Agnes e la dipendenza

In questo spaccato della Glasgow degli anni ’80, si beve continuamente, a ogni età, per ritrovare la speranza e una ebbrezza passeggera dalle conseguenze devastanti. Agnes presenta tutte le caratteristiche degli alcolisti: la tendenza a incolpare gli altri della sua condizione e la speranza di anestetizzare il dolore e la solitudine con fondi di birra abbandonati nella borsa.

Con il viso sempre truccato e i capelli in ordine, la madre si risollevava dalla propria tomba e teneva la testa alta. dopo essersi gonfiata d’alcol e aver fatto le cose più disdicevoli, si alzava il mattino dopo, indossava il cappotto migliore e affrontava il mondo. Quando aveva la pancia vuota e i suoi figli pativano la fame, si pettinava i capelli e lasciava che il mondo pensasse il contrario.

Si disintossica più volte Agnes, e più volte ricade nell’errore, ma nella sua mente resa violenta e annebbiata dall’alcool, c’è sempre spazio per i sogni sul futuro di Shuggie. Lo pregherà, in un dialogo difficile da dimenticare e per certi versi anche paradossale, di rimanere così speciale e tranquillo anche da adulto, magari «con l’aria meno corrucciata» di come lo vede adesso, a dieci anni. Agnes è consapevole del peso che porta suo figlio sulle spalle. Shuggie le guarda e le dice, nell’ingenuità infinita di bambino, che lui ha un solo sogno: rimanere per sempre con lei. Douglas Stuart rende in un dialogo la devozione di un figlio verso una madre che è tutto il suo mondo e che non smetterà mai di credere di poter salvare.
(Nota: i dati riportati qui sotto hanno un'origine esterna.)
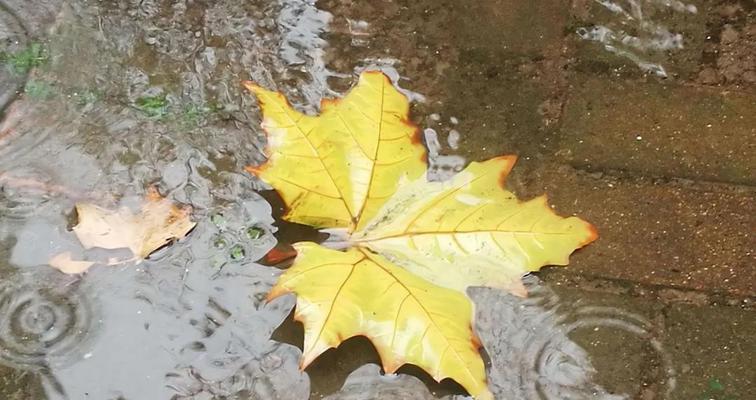 秋雨落凄凉，一场寒心事（回忆往事）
Lingua, scrittura e messaggio di Douglas Stuart

La peculiarità di “Storia di Shuggie Bain” non si ferma ai temi, ma sfonda tutte le credenze sul linguaggio letterario. Stuart alterna questa scrittura barocca e altamente descrittiva, ricca di dettagli che sarebbero altrimenti impercettibili, a dialoghi nella lingua di Glasgow che cambia l’ortografia dello Standard English. Continua, allora, il filone fortunato della letteratura anglosassone che non rappresenta più i soliti noti, ma si prende la briga di indagare la working class e il suo linguaggio crudo, sguaiato, così stretto nel suo slang da risultare quasi incomprensibile.

Di contro, si diceva, le descrizioni: Shuggie che liscia il cappotto della nonna in un momento di enorme difficoltà per la famiglia, o che prova il mascara della madre e si vede bellissimo allo specchio, o che per calmare la madre, già completamente sbronza, le spazzola i capelli neri e disordinati. E mentre tutti questi piccoli gesti provano a ripristinare la bellezza in una vita disastrata, Agnes lentamente scompare, distrutta dai giudizi frettolosi su dipendenze e fragilità, lasciando il suo bambino solo in un luogo infelice. E Shuggie, l’eroe inconsapevole del romanzo, quasi non se ne accorge, preso com’è dallo sforzo di amare, nonostante tutto.

«Mia mamma una volta ebbe un intero anno buono. Fu meraviglioso.»